**Action item**. What you produce should be the lines from the line containing "Freiwillige Feuerwehr Lienz" through the last line below, both ends included, reproduced exactly and without pictures.

**Provided data**.

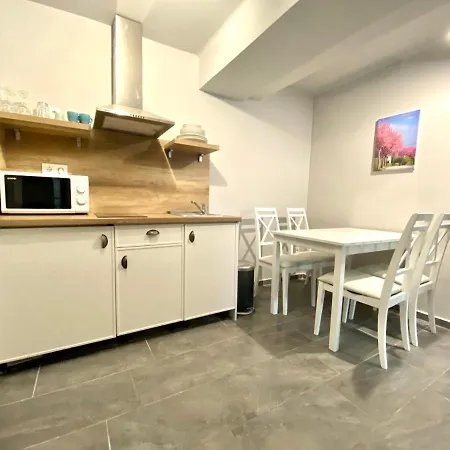 Balkon Apartmanhaz Panzio Bed and Breakfast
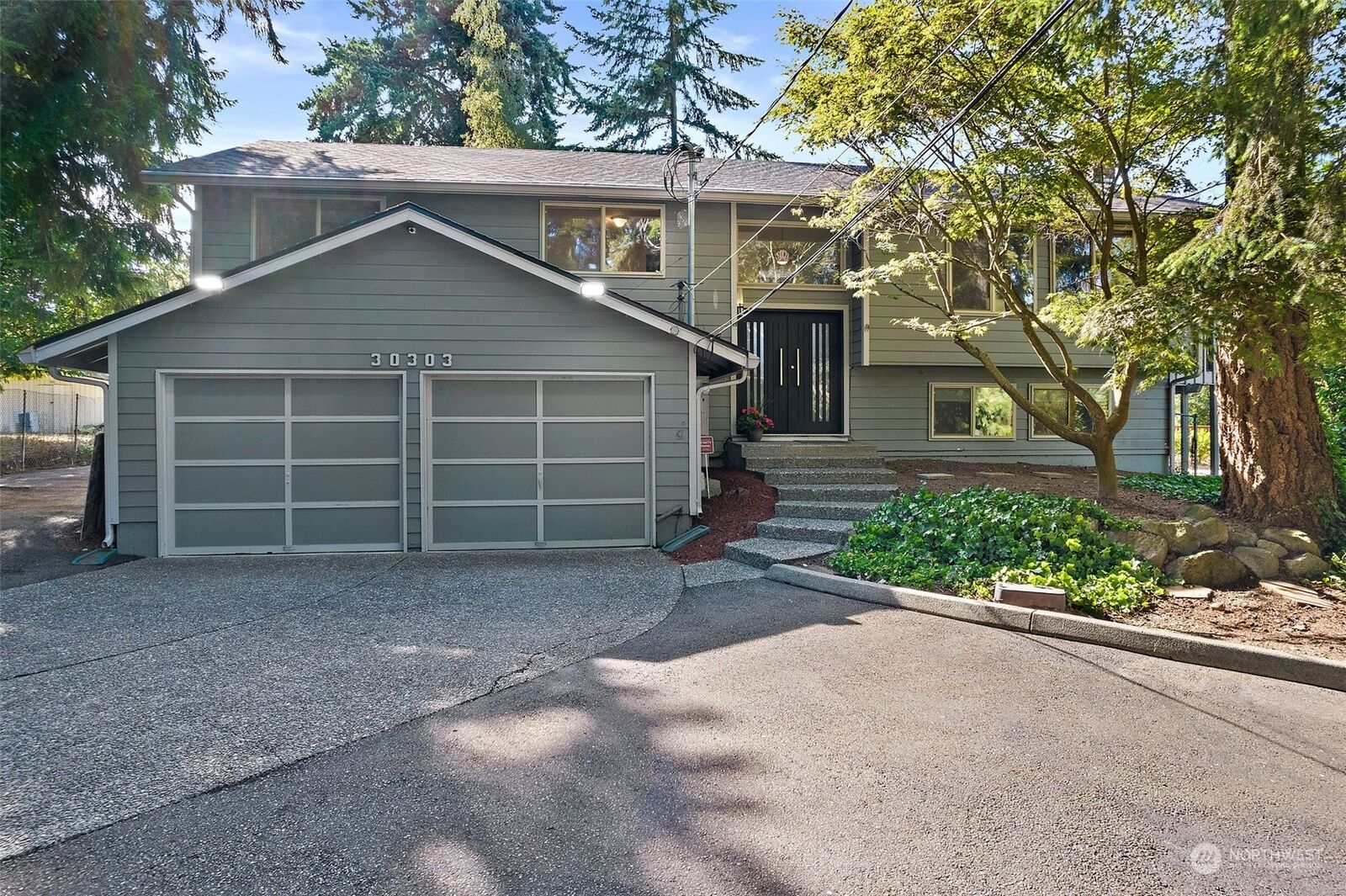 Property Photo: 30303 1st Avenue S WA 98003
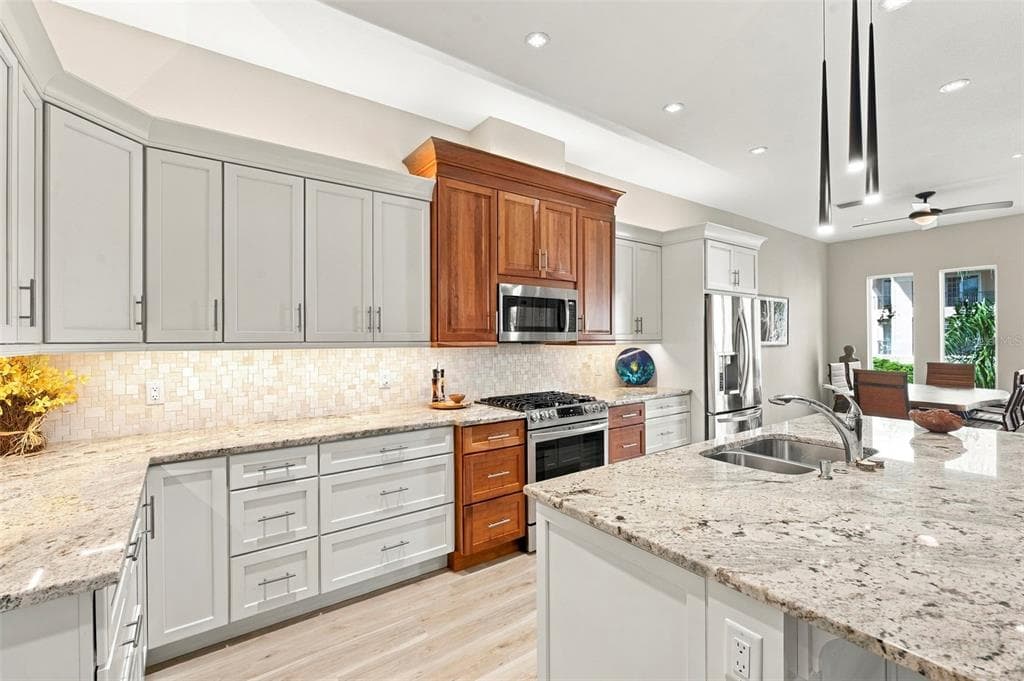 10 LINCOLN AVENUE S photo 4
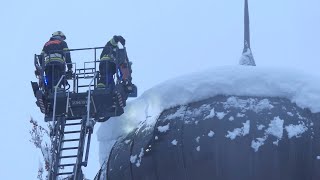 Freiwillige Feuerwehr Lienz schöpfte Dach der Liebburg ab [upl. by Faruq]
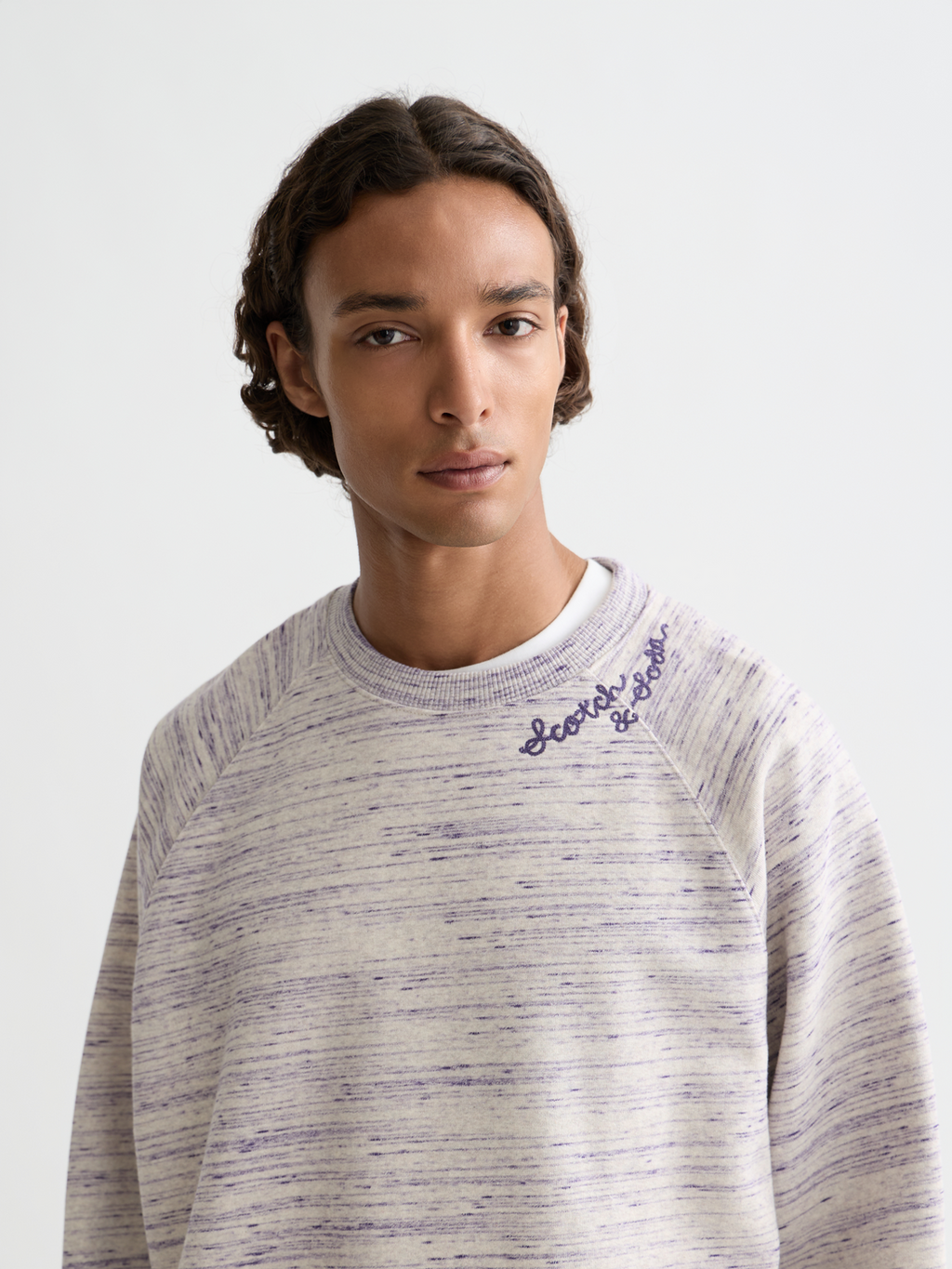 Space Yarn Embroidered Loose-Fit Sweatshirt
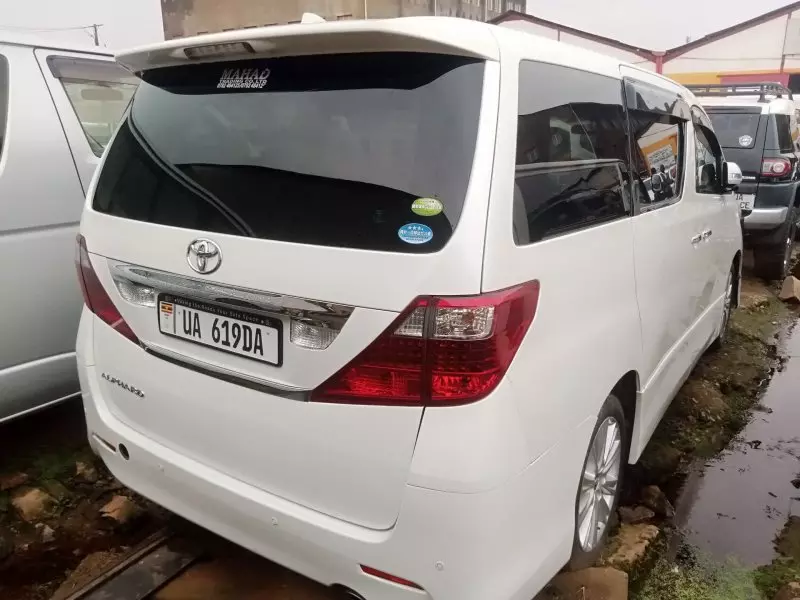 Toyota Alphard   - 2011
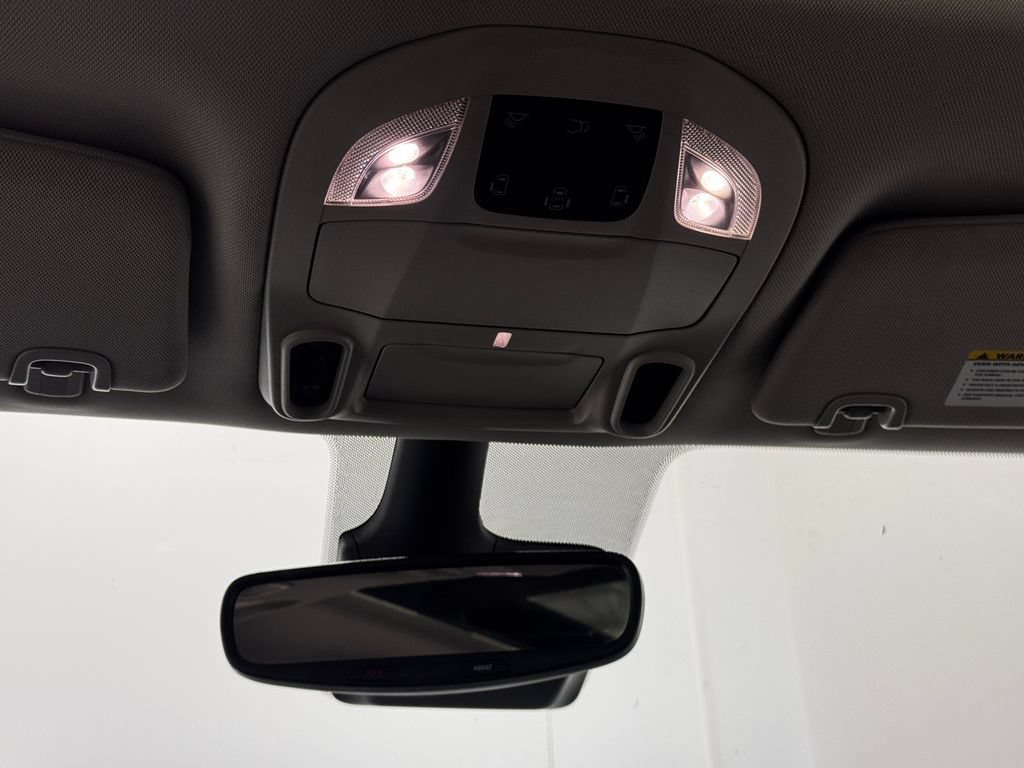 Used 2024 Chrysler Pacifica Limited FWD image 32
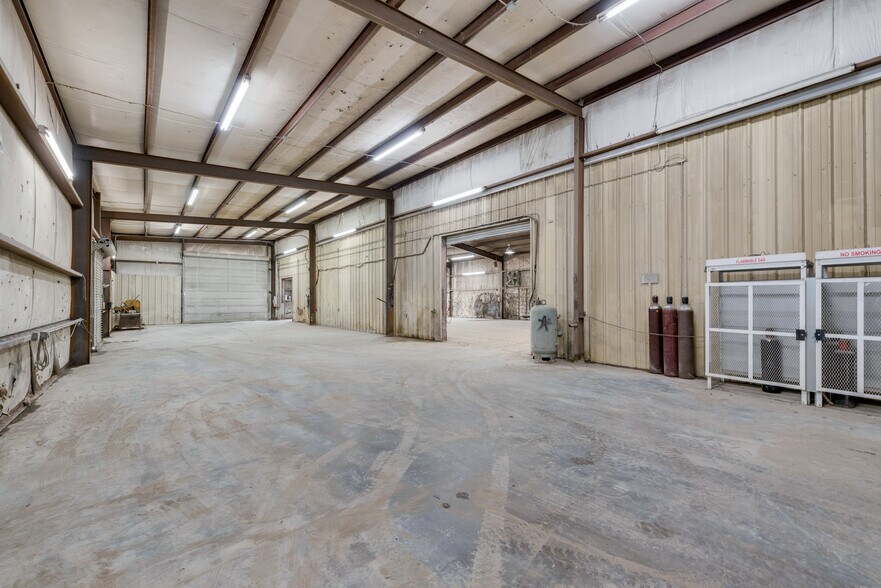 More Photos Of 4331 Cement Valley Rd, Midlothian Warehouse For Sale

**Response area**.
 Freiwillige Feuerwehr Lienz schöpfte Dach der Liebburg ab [upl. by Faruq]
 Space Yarn Embroidered Loose-Fit Sweatshirt
 Toyota Alphard   - 2011
 Used 2024 Chrysler Pacifica Limited FWD image 32
 More Photos Of 4331 Cement Valley Rd, Midlothian Warehouse For Sale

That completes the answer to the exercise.